主人公の春は、荒れた家庭のため家に居場所がない。そのため、友と過ごす何でもない時間が、かけがえのない大切なものだった。そして、自分が心の寄る辺としていた友を守るため、自分の人生をふいにしてでも殺人の罪を被る決断をする。しかし、その行動は、助けたはずの友人達に消えない罪悪感を刻む事になった。
大人になった春が、マイルドヤンキーのボスとして行き場のない若者を集めて事業を起こしているのは、環境としてそうせざるを得ない(晃の父親が根回しした?)というのもあったかもしれないけど、かつての自分のような若者に居場所を作っていると解釈をすると、春というキャラクターの純粋さがどんどん好きになった。
本当はラストシーンのように、何の引け目や負い目もなく、ただ友達だから一緒にいるという子ども時代のような関係をいつまでも続けたかったが、第二の殺人と第一の殺人の真実を経て、抱いていた憧れと決別する選択をする。

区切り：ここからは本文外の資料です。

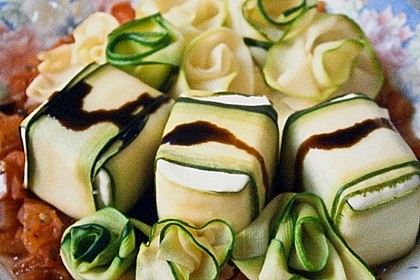 Ziegenfrischkäse im Zucchinimantel 8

わかりやすく描けれていないけど、ヤクザと本格的にコトを構える動きになってたのも、マイルドヤンキー(現実を受け入れない半端な状態)から本物の極道(現実)になっていくのもそういう意味だったのだろうか。
しかし、元を辿れば、変な噂がたったら社会的に生きていけなくなるような村社会が全ての元凶なわけだけど(ホームレス(?)を放置しておく無関心もそう)、その割を食うのが子どもたちっていうのは本当に胸糞悪かった。